Dia menegaskan bahwa rakyat Suriah memiliki hak eksklusif untuk menentukan nasibnya sendiri tanpa campur tangan pihak asing.

BACA JUGA: Terungkap Agenda Penghancuran Sistematis Gaza Hingga tak Dapat Dihuni dan Peran Inggris  

Kelompok pemberontak, yang dipimpin oleh HTS, menguasai Damaskus pada tanggal 8 Desember dan mengumumkan berakhirnya pemerintahan Assad dalam sebuah serangan mendadak yang diluncurkan dari kubu mereka di barat laut Suriah, mencapai ibu kota dalam waktu kurang dari dua minggu.

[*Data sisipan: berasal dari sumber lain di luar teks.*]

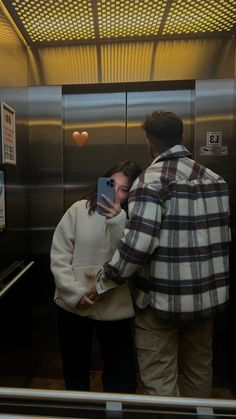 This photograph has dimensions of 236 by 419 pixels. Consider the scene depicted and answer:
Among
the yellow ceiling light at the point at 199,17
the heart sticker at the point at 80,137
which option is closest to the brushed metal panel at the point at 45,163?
the heart sticker at the point at 80,137

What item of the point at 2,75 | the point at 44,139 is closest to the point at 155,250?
the point at 2,75

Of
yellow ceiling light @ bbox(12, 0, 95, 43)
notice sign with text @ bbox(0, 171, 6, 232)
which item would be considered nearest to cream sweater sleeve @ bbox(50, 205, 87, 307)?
notice sign with text @ bbox(0, 171, 6, 232)

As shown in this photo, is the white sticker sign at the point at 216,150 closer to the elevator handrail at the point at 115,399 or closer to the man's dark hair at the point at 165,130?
the man's dark hair at the point at 165,130

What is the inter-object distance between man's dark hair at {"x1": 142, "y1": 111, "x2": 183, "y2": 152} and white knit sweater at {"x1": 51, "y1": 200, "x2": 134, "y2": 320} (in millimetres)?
455

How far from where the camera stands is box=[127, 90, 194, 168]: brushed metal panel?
2.59 m

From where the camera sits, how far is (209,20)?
220cm

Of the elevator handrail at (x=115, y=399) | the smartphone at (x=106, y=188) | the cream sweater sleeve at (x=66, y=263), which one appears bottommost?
the elevator handrail at (x=115, y=399)

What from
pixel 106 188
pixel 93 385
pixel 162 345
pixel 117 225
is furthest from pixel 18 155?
pixel 93 385

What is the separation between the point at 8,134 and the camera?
209 cm

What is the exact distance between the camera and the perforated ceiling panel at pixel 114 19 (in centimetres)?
196

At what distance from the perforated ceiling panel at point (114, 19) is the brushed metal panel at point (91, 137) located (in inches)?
17.1

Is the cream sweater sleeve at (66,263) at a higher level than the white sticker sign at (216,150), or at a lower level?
lower

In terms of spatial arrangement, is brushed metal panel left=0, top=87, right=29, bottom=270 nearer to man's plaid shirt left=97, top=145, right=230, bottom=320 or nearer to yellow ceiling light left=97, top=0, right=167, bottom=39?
yellow ceiling light left=97, top=0, right=167, bottom=39

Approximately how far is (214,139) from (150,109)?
54 centimetres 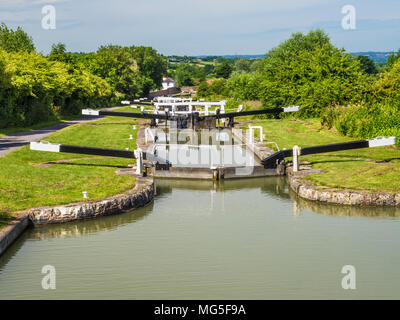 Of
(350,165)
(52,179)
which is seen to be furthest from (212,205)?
(350,165)

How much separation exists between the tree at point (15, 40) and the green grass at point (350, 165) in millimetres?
41621

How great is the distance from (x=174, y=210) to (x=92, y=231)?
3542mm

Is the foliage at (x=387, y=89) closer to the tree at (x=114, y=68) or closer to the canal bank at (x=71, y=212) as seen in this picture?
the canal bank at (x=71, y=212)

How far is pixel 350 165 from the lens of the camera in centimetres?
2312

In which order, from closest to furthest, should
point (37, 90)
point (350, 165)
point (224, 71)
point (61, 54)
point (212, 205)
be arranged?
1. point (212, 205)
2. point (350, 165)
3. point (37, 90)
4. point (61, 54)
5. point (224, 71)

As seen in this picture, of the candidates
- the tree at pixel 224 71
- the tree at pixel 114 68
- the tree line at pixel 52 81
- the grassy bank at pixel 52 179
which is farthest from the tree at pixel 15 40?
the tree at pixel 224 71

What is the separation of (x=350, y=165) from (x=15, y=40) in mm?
54291

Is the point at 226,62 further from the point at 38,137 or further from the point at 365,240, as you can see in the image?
the point at 365,240

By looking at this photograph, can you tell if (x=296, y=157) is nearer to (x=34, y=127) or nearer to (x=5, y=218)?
(x=5, y=218)

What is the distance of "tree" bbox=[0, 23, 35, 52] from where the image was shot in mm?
63850

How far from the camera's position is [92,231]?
16234mm

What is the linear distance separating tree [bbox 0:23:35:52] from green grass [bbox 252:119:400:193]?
4162cm

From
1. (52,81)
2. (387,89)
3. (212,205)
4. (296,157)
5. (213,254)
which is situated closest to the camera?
(213,254) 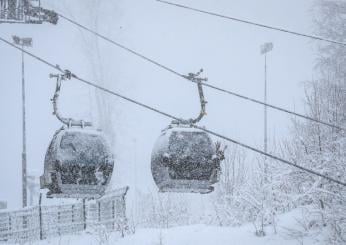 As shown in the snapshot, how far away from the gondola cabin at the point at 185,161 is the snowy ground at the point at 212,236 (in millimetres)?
4318

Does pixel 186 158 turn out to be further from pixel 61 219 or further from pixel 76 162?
pixel 61 219

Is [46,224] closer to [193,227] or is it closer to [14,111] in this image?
[193,227]

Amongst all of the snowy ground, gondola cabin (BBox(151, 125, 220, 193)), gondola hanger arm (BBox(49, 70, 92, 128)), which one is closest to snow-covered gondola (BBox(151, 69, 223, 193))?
gondola cabin (BBox(151, 125, 220, 193))

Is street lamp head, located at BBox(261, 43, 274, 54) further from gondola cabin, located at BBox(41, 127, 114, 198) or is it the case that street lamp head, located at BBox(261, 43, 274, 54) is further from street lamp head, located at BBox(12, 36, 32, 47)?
gondola cabin, located at BBox(41, 127, 114, 198)

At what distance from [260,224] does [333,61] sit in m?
15.3

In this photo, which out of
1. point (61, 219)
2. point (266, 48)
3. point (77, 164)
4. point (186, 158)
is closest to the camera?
point (186, 158)

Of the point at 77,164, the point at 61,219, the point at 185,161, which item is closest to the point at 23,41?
the point at 61,219

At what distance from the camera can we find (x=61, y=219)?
16.7m

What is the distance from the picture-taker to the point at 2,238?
54.1 feet

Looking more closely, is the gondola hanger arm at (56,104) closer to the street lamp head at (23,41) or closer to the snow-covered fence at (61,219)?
the snow-covered fence at (61,219)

Kelompok HTS, yang didukung oleh Amerika Serikat dan sekutu regionalnya, telah berjanji untuk membentuk pemerintahan yang inklusif, namun PBB mengatakan bahwa situasinya masih berubah-ubah.

 

Negara-negara regional telah mendesak Suriah untuk bekerja untuk mencegah kekacauan setelah HTS menyerbu dan merebut ibukota Damaskus.

Stabilitas dan masa depan Suriah terancam oleh berbagai faktor, termasuk pendudukan ilegal Israel di wilayah Suriah, yang didorong oleh kebijakan ekspansionisnya, dan kehadiran Pasukan Demokratik Suriah (SDF), yang didukung oleh Amerika Serikat, yang terus berlanjut di wilayah timur laut negara itu.

Tantangan tambahan berasal dari pelanggaran hak asasi manusia terhadap kelompok-kelompok minoritas oleh teroris HTS, serta meningkatnya krisis kemanusiaan.

Sementara itu, bentrokan antara kelompok Islamis yang mengambil alih Suriah dan para pendukung pemerintahan Presiden Bashar Assad yang terguling menewaskan enam pejuang Islamis pada hari Rabu dan melukai beberapa orang lainnya, demikian menurut pemantau perang yang berbasis di Inggris.

Syrian Observatory for Human Rights mengatakan bahwa para pejuang tersebut terbunuh ketika mencoba menangkap seorang mantan pejabat di pemerintahan Assad, yang dituduh mengeluarkan perintah eksekusi dan keputusan sewenang-wenang terhadap ribuan tahanan.

Para pejuang tersebut berasal dari Hayat Tahrir al-Sham, atau HTS, yang memimpin serangan menakjubkan yang menggulingkan Assad pada awal bulan ini.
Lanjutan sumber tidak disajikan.